As the valleys continue to freeze, the mountains start to thaw . . .

Wednesday, January 16, 2013 at 7:55 am

Thursday AM update:

Models have fairly decent agreement that an end to dominant ridging will take place later next week. GFS has abandoned the idea of undercutting moisture and now agrees with the Euro on flattening and retrograding the ridge starting the middle of next week. This will lead to a chance of snow in northern Utah. Right now it looks like the main storm track will remain to our north at least initially but could start to sag south toward the end of the month. I’d expect, at the very least, a chance for light snow for the northern mountains of Utah on Thursday (Jan 24th), but it’s still unclear if this will be a strong enough system to clear out inversions. For right now, it’s a step in the right direction so we’ll take it. WSF


The inversion is really starting to strengthen as temperatures aloft have been rapidly warming. Expect high temps at 11,000 ft to be well above normal for the rest of this week as temps in valleys remain well below normal.  We’ve already started to see a decrease in valley air quality over the last couple days and it will only get worse as time goes on.  Time to try to do as little driving as possible to help mitigate the polluted skies. 

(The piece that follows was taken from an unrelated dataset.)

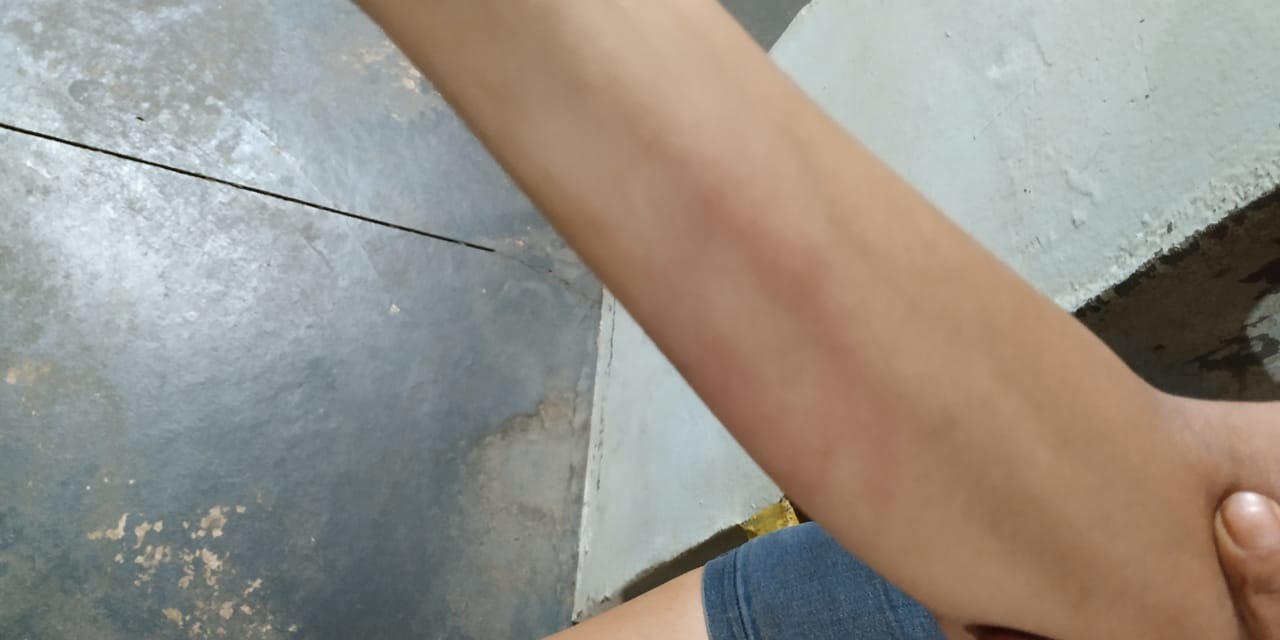 Imagem: Hematomas no braço da vítima // 2°BPM - Três lagoas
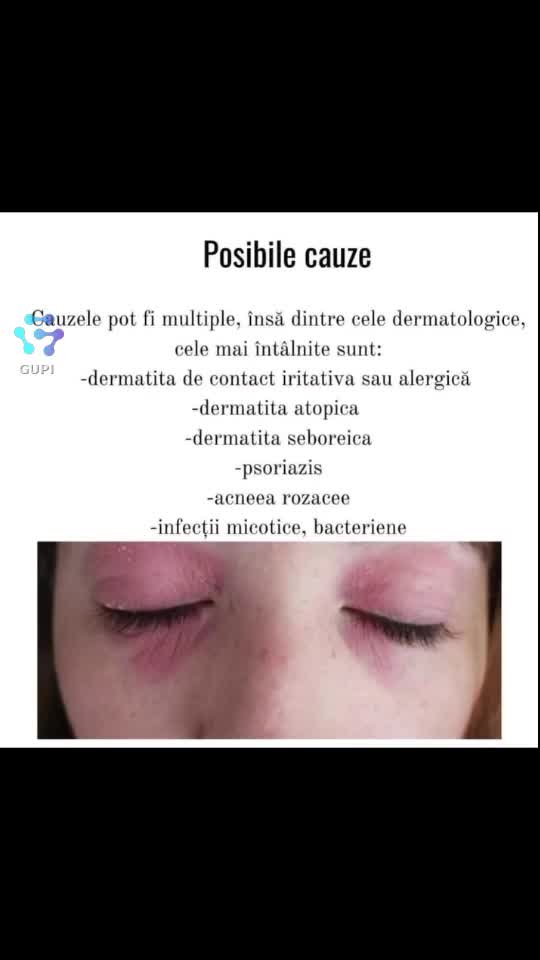 Video de @launermedical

Now moving on to the question on everybody’s mind: when will see our next chance for snow? The valleys might see light inversion flurries at times, especially at night, that some of our readers have referred to as “pollution/toxic snow”.  But in the mountains, it’s still not going to be in the next week and there’s very little chance of it in the next ten days.  There are essentially two theories being put forward by the two main global models.  The ECMWF (Euro) has been showing a gradual retrogression of the ridge into the eastern Pacific, starting around January 25th.  This would mean that colder (relative to the GFS) systems might drop down into the region by the end of the month.  The GFS, however, has at times been favoring the idea of retrograding the ridge a bit and amplifying it, allowing sub-tropical moisture to undercut the ridge.  This idea starts to take shape around the 25th as well and would also give us a chance for precipitation by the end of the month, however in this type pattern, we would see higher snow levels and denser snow. 

General trends seem to favor the Euro at this point.  The GFS, which was showing full on undercutting a couple days ago, has backed off for the most part and seems to be trending toward the Euro’s idea.  Hopefully, we’ll be able to get the best of both worlds, cold systems that tap into tropical moisture.  CFSv2 is useless at this point as it has bounced back and forth between above and below normal precip anomalies for this time period for the last two weeks. 

The MJO, which has been relatively quiet so far this season is at moderate strength and on the move.  It is just entering phase 7 and is progged to weaken and move into phase 8 over the next couple weeks. Often, phases 7 and 8 can help force moisture into the west coast so it is worth noting. My current guess right now, all things considered, is that we’ll start a transition to a new pattern around the 25th of January.  It’s still too early to really know exactly what type of pattern will take shape beyond then, but the general feeling is that any change will be welcome after what will be 2 weeks of no snow and stagnant air. 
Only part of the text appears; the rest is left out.